▶ **Material provided**:
────────

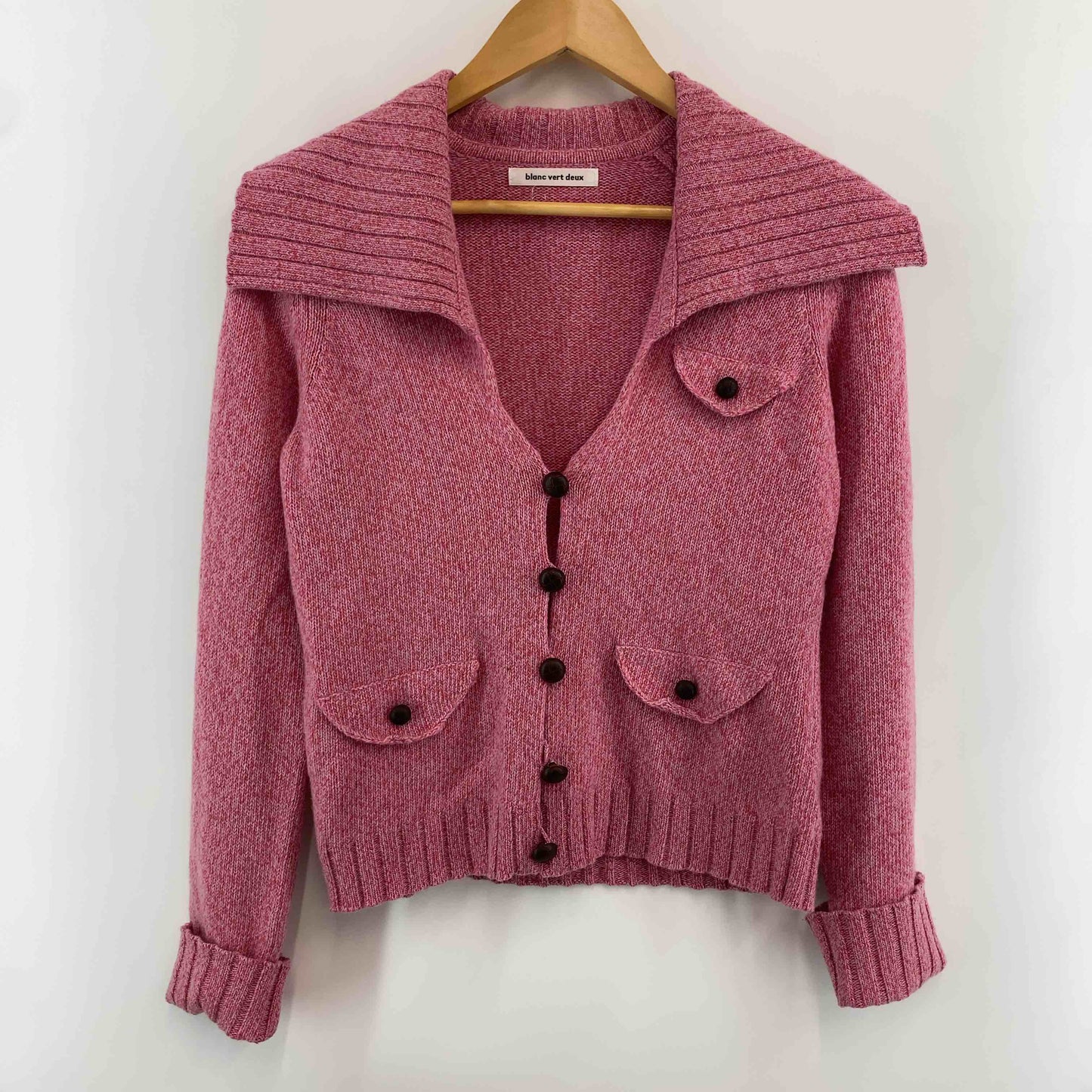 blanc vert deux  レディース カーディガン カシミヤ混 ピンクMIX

────────

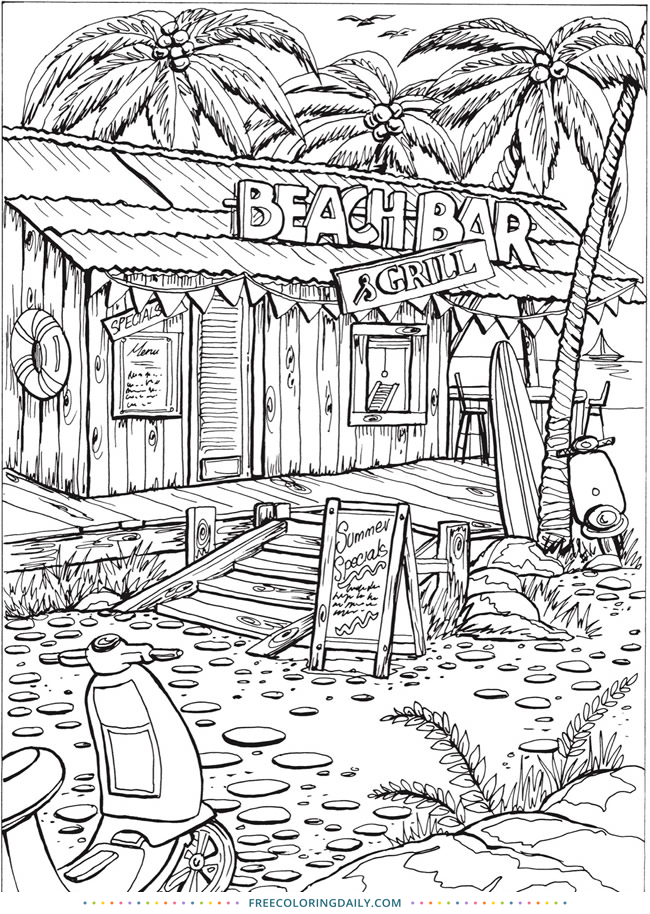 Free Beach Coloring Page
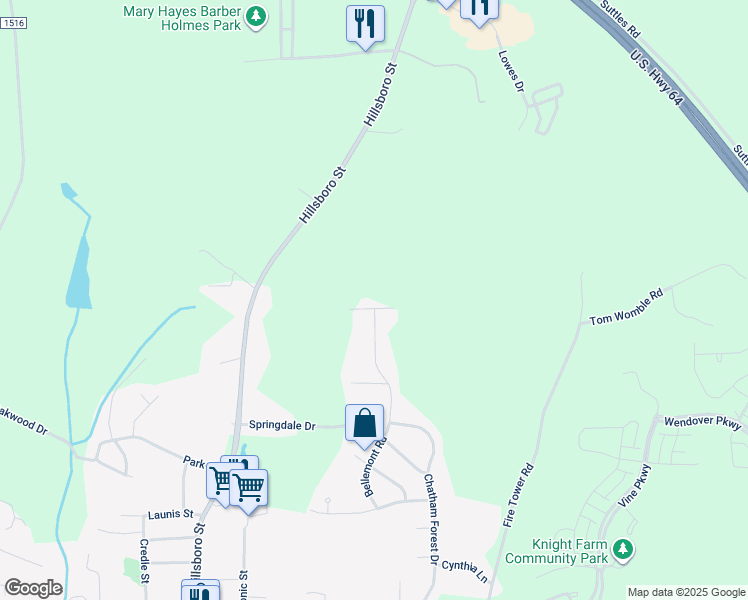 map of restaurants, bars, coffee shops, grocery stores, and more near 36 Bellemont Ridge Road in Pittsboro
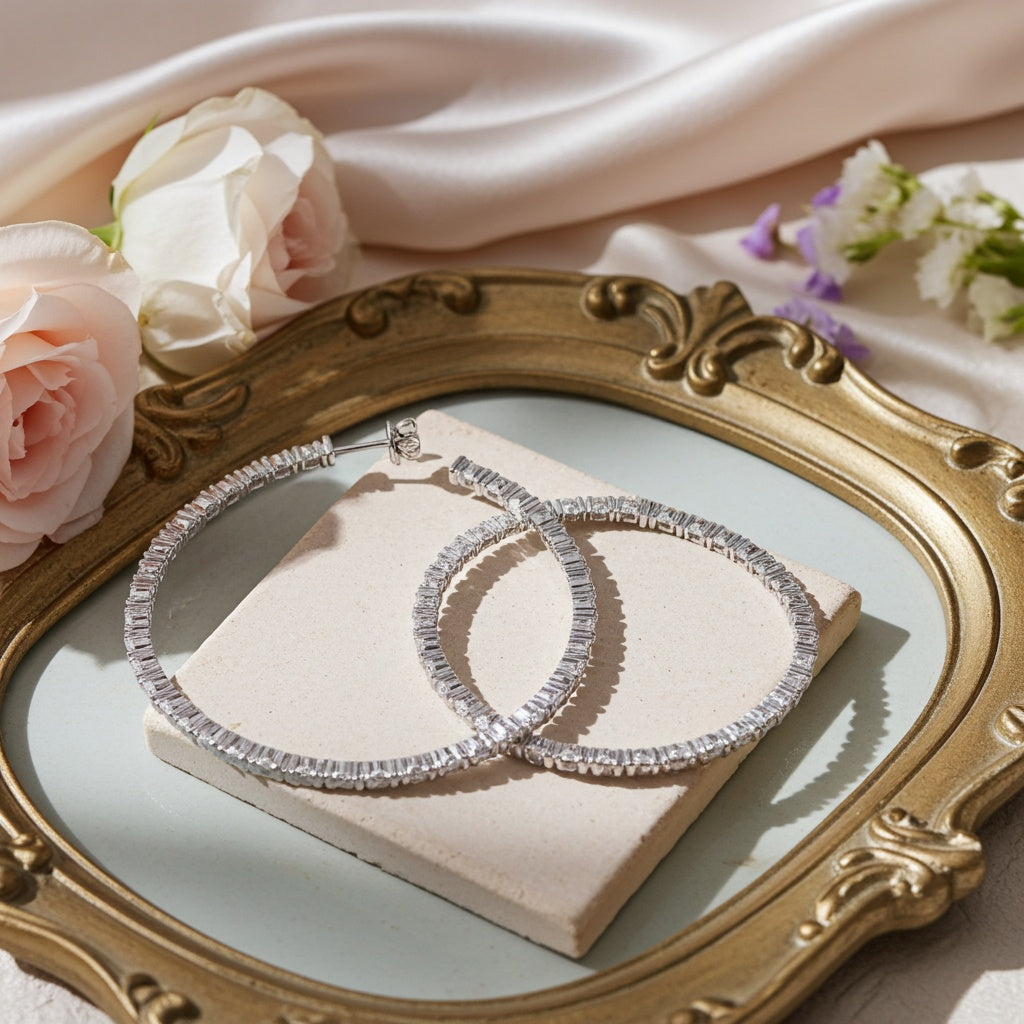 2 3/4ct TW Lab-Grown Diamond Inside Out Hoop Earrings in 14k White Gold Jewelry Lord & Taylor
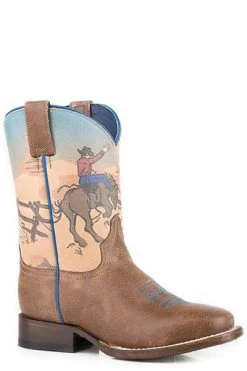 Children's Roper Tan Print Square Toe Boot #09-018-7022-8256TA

────────

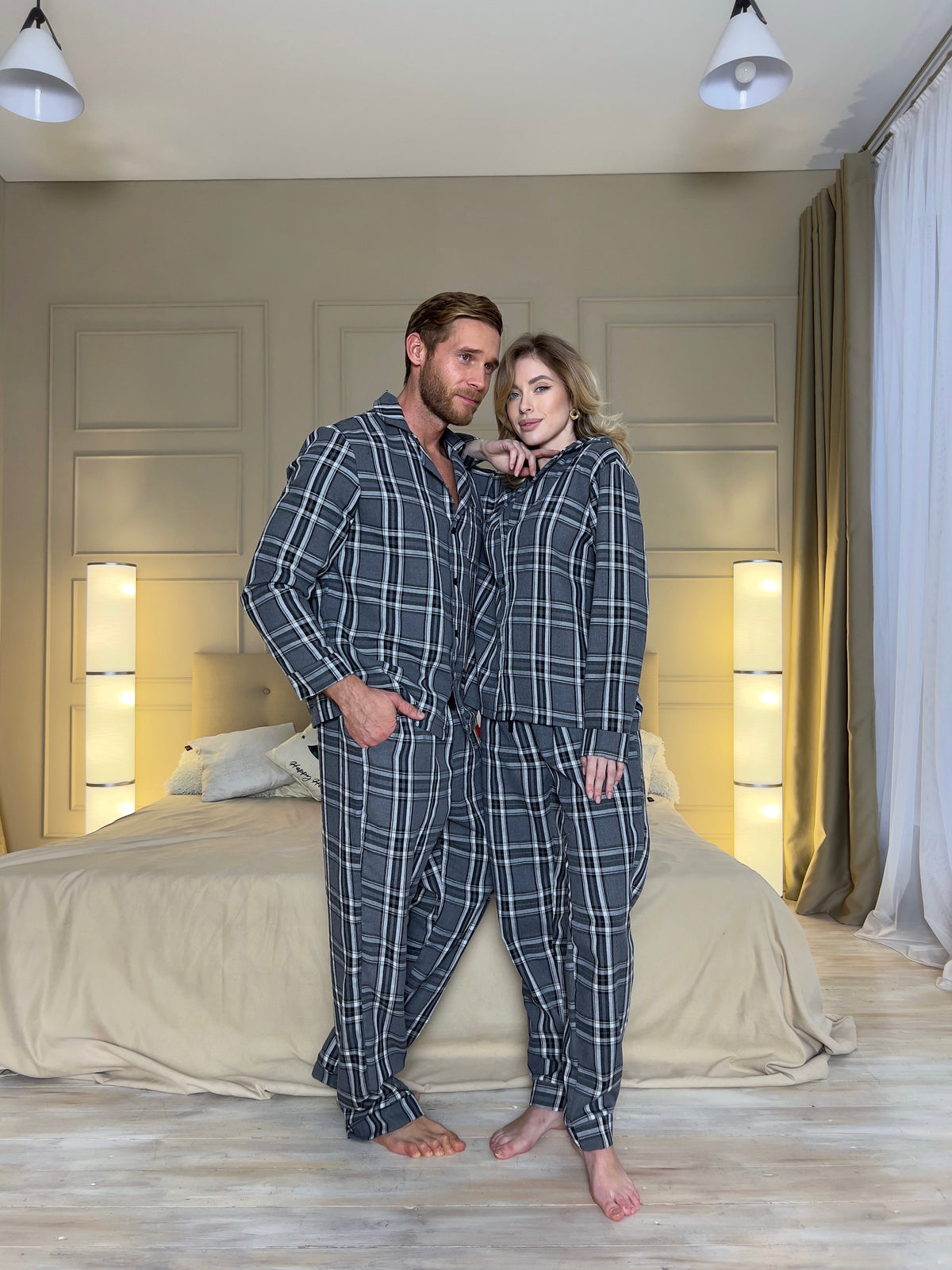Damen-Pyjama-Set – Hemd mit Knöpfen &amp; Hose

────────

▶ **Brief**:
Retype, exactly and with no pictures, everything above from the line with "Free Beach Coloring Page" down to the line with "Children's Roper Tan", both included.

▶ **Reply**:
 Free Beach Coloring Page
 map of restaurants, bars, coffee shops, grocery stores, and more near 36 Bellemont Ridge Road in Pittsboro
 2 3/4ct TW Lab-Grown Diamond Inside Out Hoop Earrings in 14k White Gold Jewelry Lord & Taylor
 Children's Roper Tan Print Square Toe Boot #09-018-7022-8256TA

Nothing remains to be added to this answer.